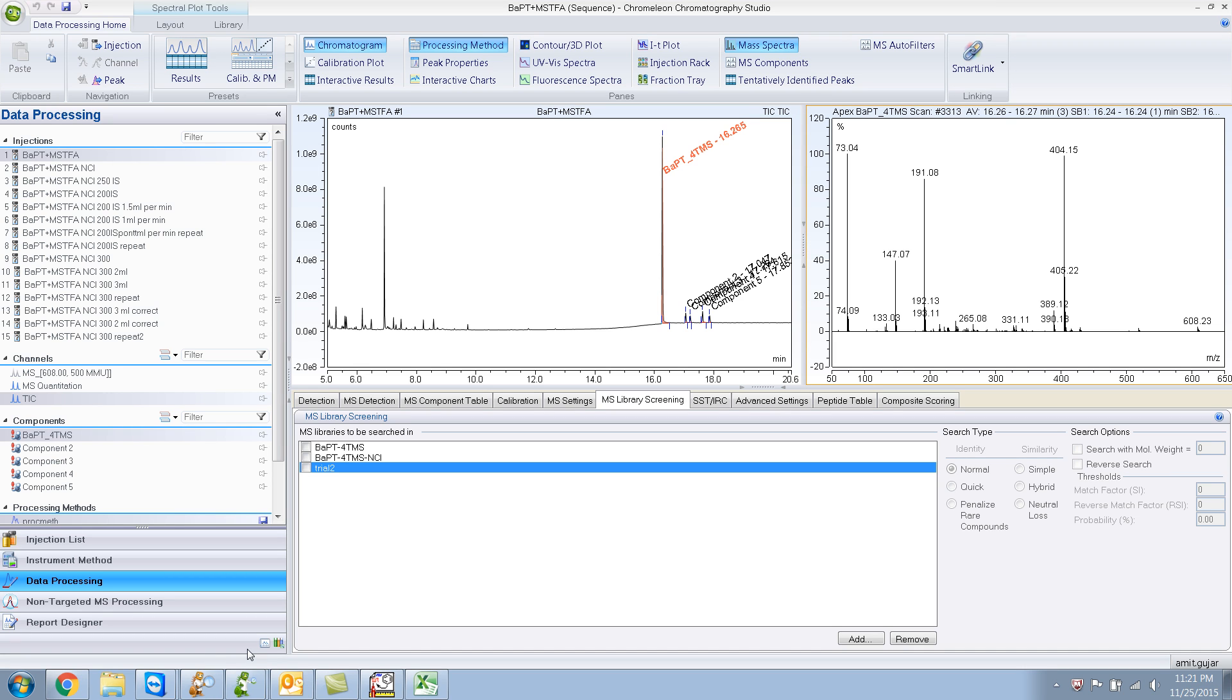Today I wanted to show you how to create your own custom library. For example, if you have a particular peak that is not present in the NIST library.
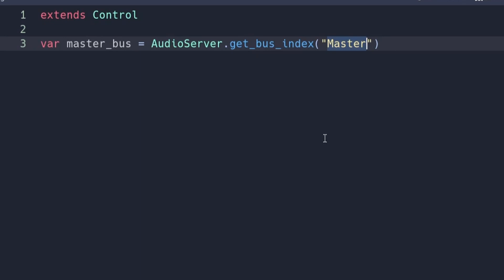However, if you want to do this for your own custom audio bus, you can put the name of that audio bus here. For more information on audio buses, consider checking out the video in the top right. I'll also leave a link to it at the end of this video.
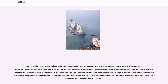90 million years ago, what is now the chalk downland of northern Europe was ooze accumulating at the bottom of a great sea. Chalk was one of the earliest rocks made up of microscopic particles to be studied under the microscope, when it was found to be composed almost entirely of coccoliths. Their shells were made of calcite extracted from the rich seawater. As they died, a substantial layer gradually built up over millions of years and, through the weight of overlying sediments, eventually became consolidated into rock. Later, earth movements related to the formation of the Alps raised the former seafloor deposits above sea level.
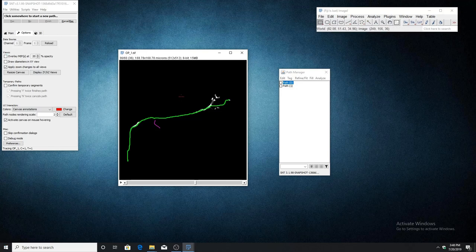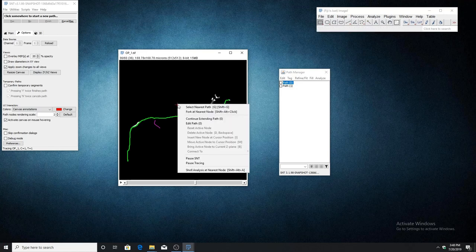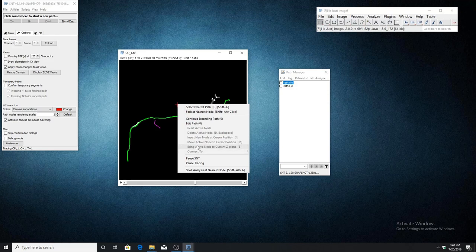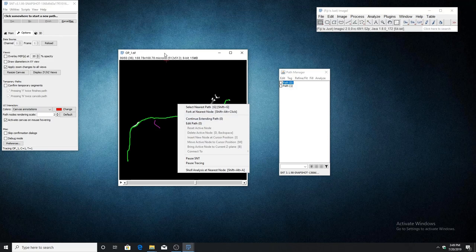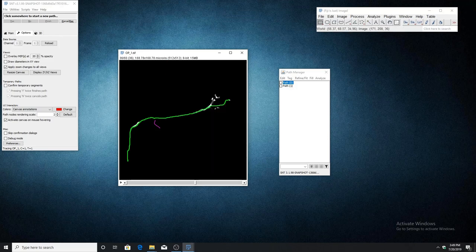Now I want to go over the functions that are associated with edit mode. You'll notice that these functions are currently grayed out, but once we enter edit mode, they will become active. To enter edit mode, first select the path that you want to edit.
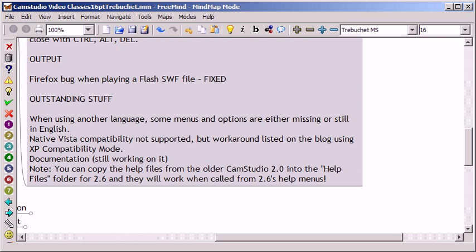The bug that existed in 2.5 and 2.0 has been fixed. That's right, it was fixed in 2.5 so it's still fixed in 2.6. As for the outstanding stuff, we still don't have native Vista compatibility.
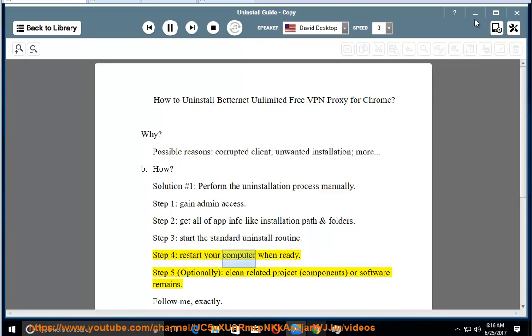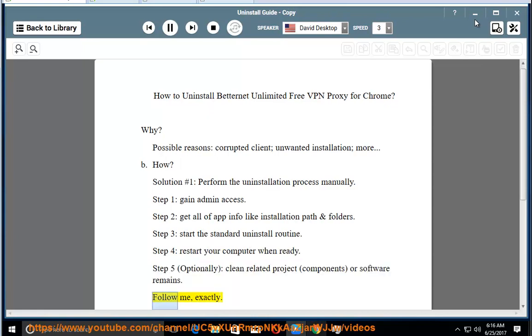Step 4: restart your computer when ready. Step 5: optionally clean related project components or software remains. Follow me exactly.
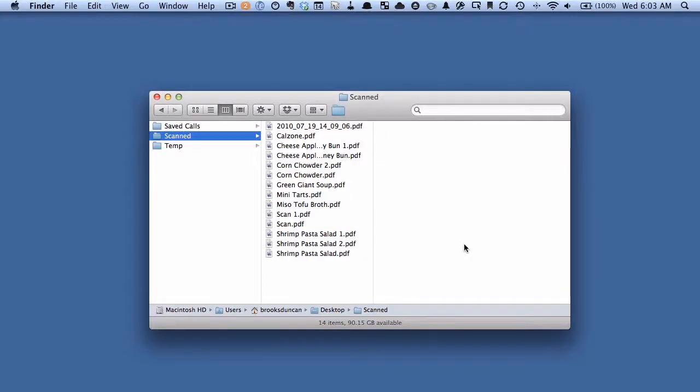Hey there, it's Brooks here from documentsnap.com, and today we're going to be talking about a quick and easy way to create subfolders from a group of folders.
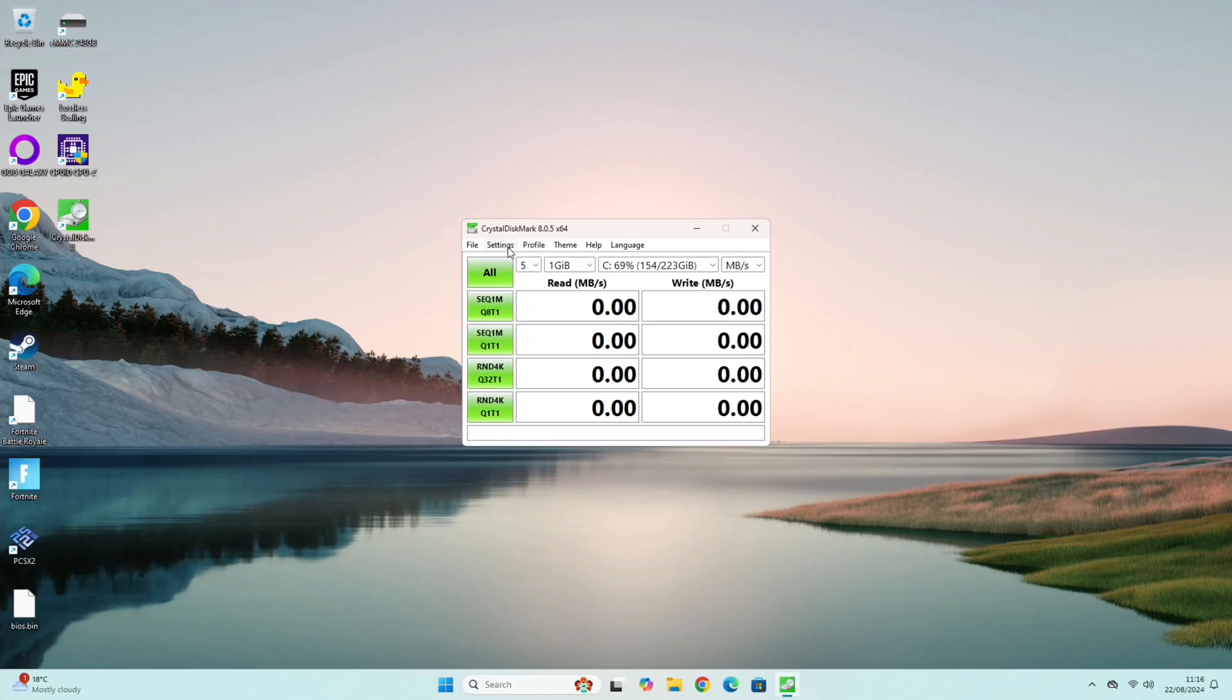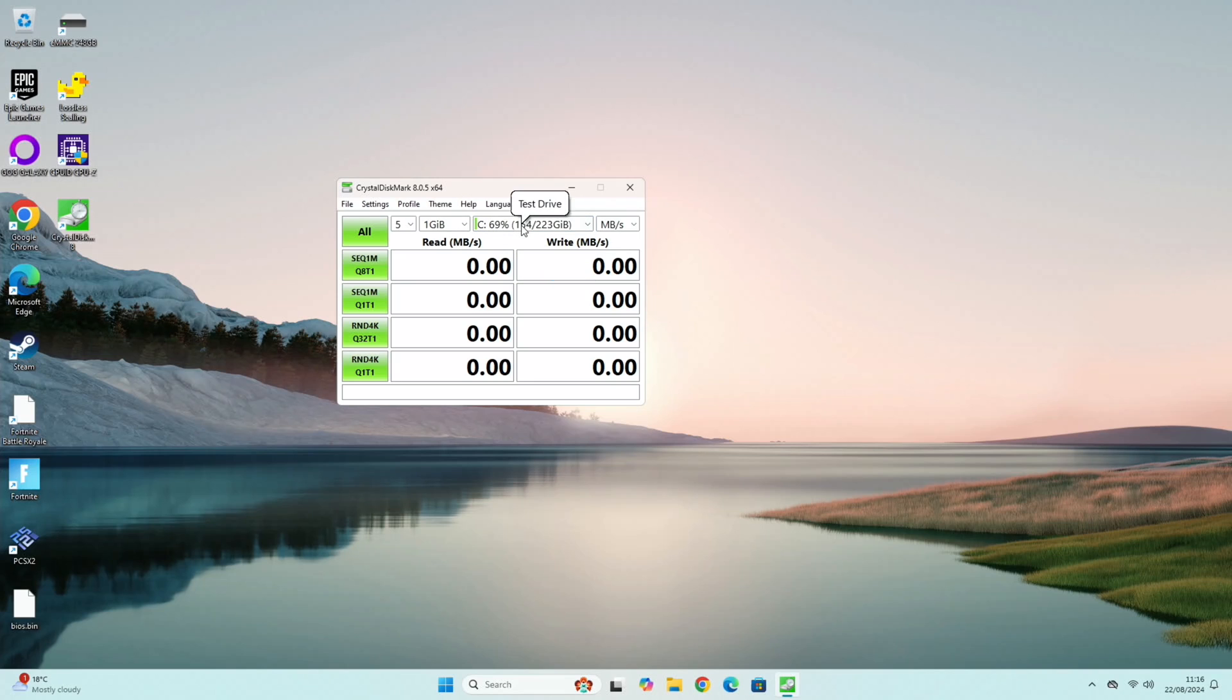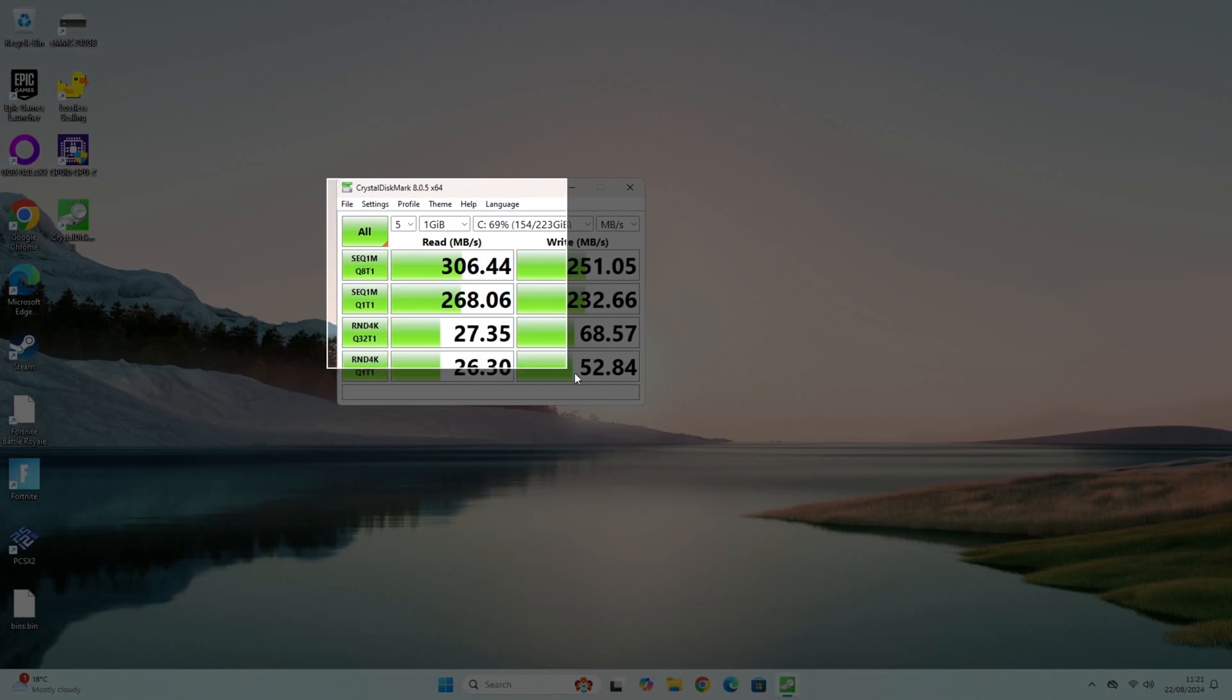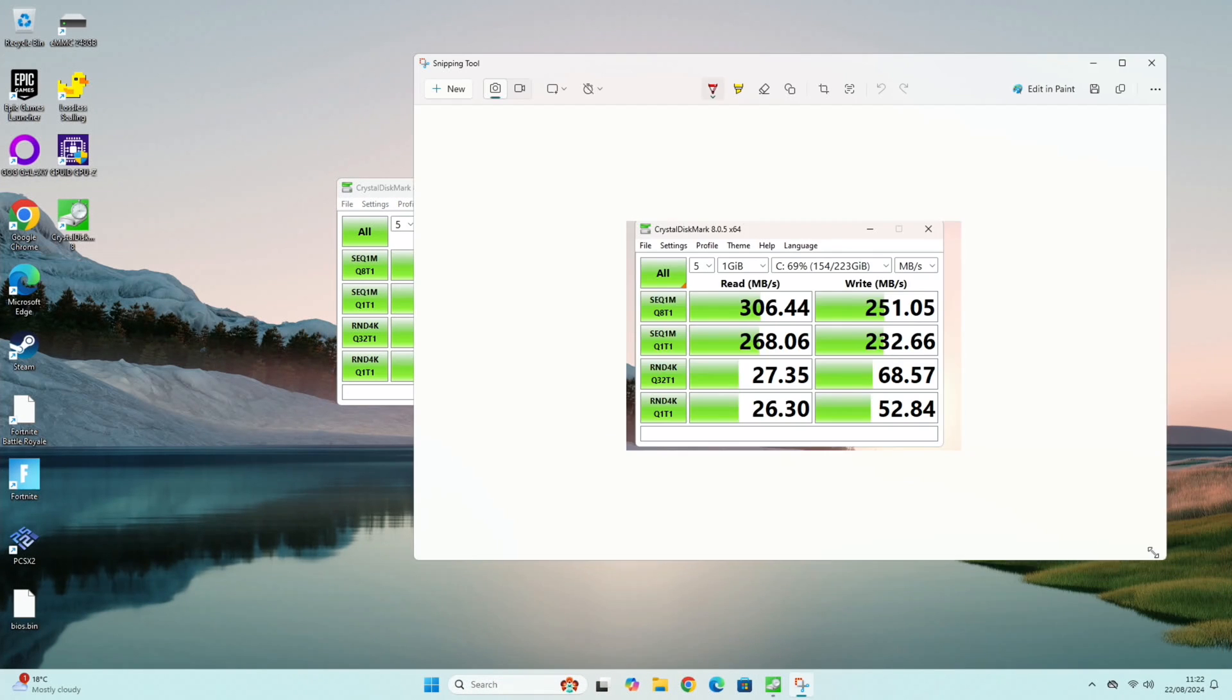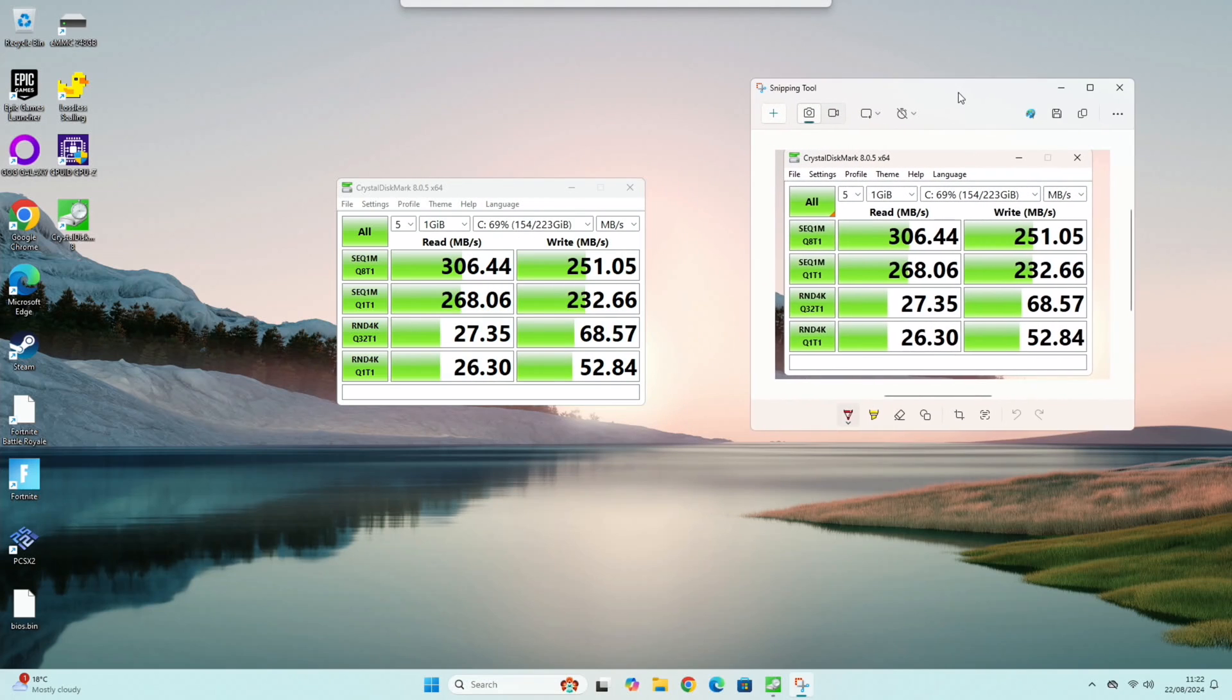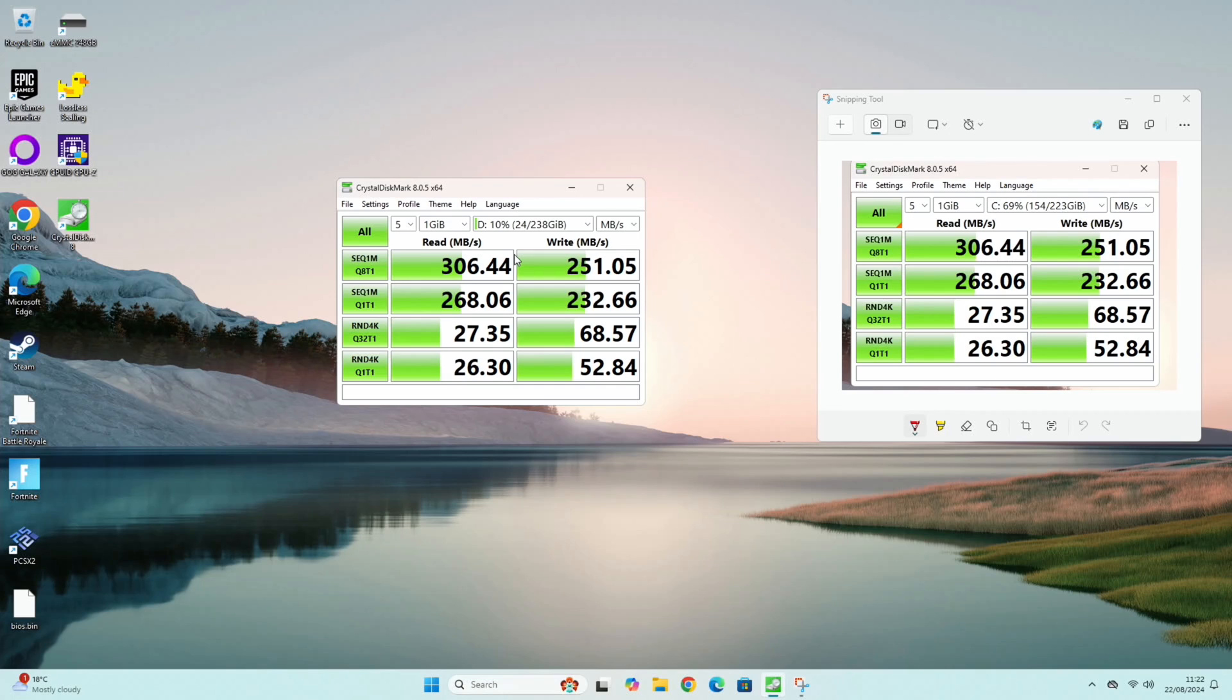Okay, so I've got Crystal Disk Mark here. Let's do a test on both drives. So the C drive which is the EMMC drive, let's do all. So that's all finished. Let's do a print screen so we can save that. Let's just minimize that so we can compare that in a minute. So this is the EMMC drive.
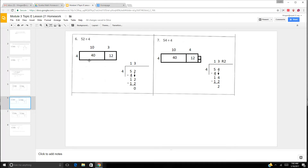Now we're going to check with long division. 52 divided by 4: we can do 40 and 12 because 40 plus 12 is 52. 40 divided by 4 is 10, 12 divided by 4 is 3, so we know our answer should be 13. 52 divided by 4: 5 divided by 4 is 1, 1 times 4 is 4. Subtract: 5 minus 4 is 1. Bring down the 2, now we have 12. 12 divided by 4 is 3, 3 times 4 is 12, 12 minus 12 is 0. No remainder.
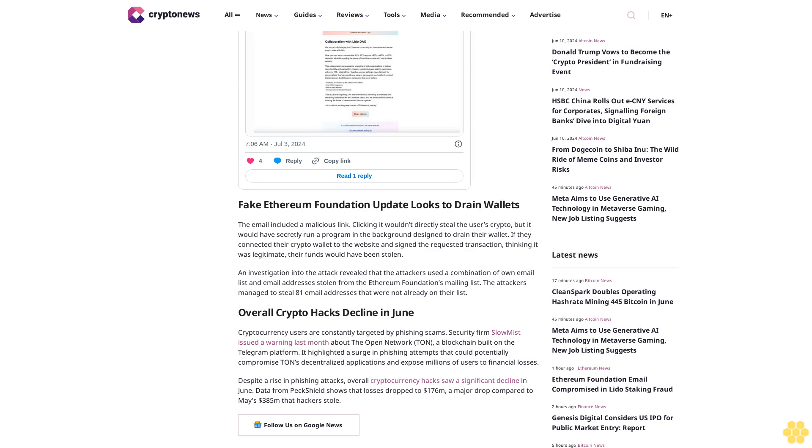Overall, cryptocurrency hacks saw a significant decline in June. Data from PeckShield shows that losses dropped to $176 million, a major drop compared to May's $385 million that hackers stole.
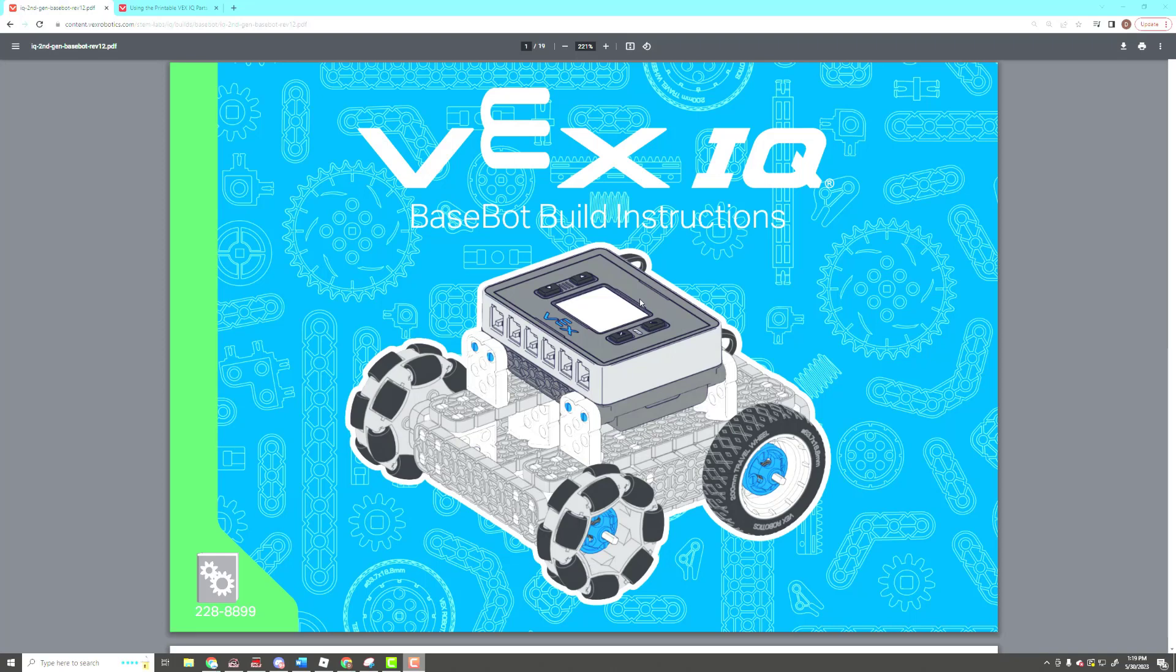All right, this is Mr. Culp here, and I wanted to go through a typical set of VEX IQ building instructions to give you some hints, some tips, and how to read the instructions.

━━━━━━━━━━

■ **Task to carry out**
Each entry must be reproduced word for word, and any image among them left out.

■ **Result of this task**
Today I wanted to show you how to create your own custom library. For example, if you have a particular peak that is not present in the NIST library.
However, if you want to do this for your own custom audio bus, you can put the name of that audio bus here. For more information on audio buses, consider checking out the video in the top right. I'll also leave a link to it at the end of this video.
90 million years ago, what is now the chalk downland of northern Europe was ooze accumulating at the bottom of a great sea. Chalk was one of the earliest rocks made up of microscopic particles to be studied under the microscope, when it was found to be composed almost entirely of coccoliths. Their shells were made of calcite extracted from the rich seawater. As they died, a substantial layer gradually built up over millions of years and, through the weight of overlying sediments, eventually became consolidated into rock. Later, earth movements related to the formation of the Alps raised the former seafloor deposits above sea level.
Now I want to go over the functions that are associated with edit mode. You'll notice that these functions are currently grayed out, but once we enter edit mode, they will become active. To enter edit mode, first select the path that you want to edit.
The bug that existed in 2.5 and 2.0 has been fixed. That's right, it was fixed in 2.5 so it's still fixed in 2.6. As for the outstanding stuff, we still don't have native Vista compatibility.
Step 4: restart your computer when ready. Step 5: optionally clean related project components or software remains. Follow me exactly.
Hey there, it's Brooks here from documentsnap.com, and today we're going to be talking about a quick and easy way to create subfolders from a group of folders.
Okay, so I've got Crystal Disk Mark here. Let's do a test on both drives. So the C drive which is the EMMC drive, let's do all. So that's all finished. Let's do a print screen so we can save that. Let's just minimize that so we can compare that in a minute. So this is the EMMC drive.
Now we're going to check with long division. 52 divided by 4: we can do 40 and 12 because 40 plus 12 is 52. 40 divided by 4 is 10, 12 divided by 4 is 3, so we know our answer should be 13. 52 divided by 4: 5 divided by 4 is 1, 1 times 4 is 4. Subtract: 5 minus 4 is 1. Bring down the 2, now we have 12. 12 divided by 4 is 3, 3 times 4 is 12, 12 minus 12 is 0. No remainder.
Overall, cryptocurrency hacks saw a significant decline in June. Data from PeckShield shows that losses dropped to $176 million, a major drop compared to May's $385 million that hackers stole.
All right, this is Mr. Culp here, and I wanted to go through a typical set of VEX IQ building instructions to give you some hints, some tips, and how to read the instructions.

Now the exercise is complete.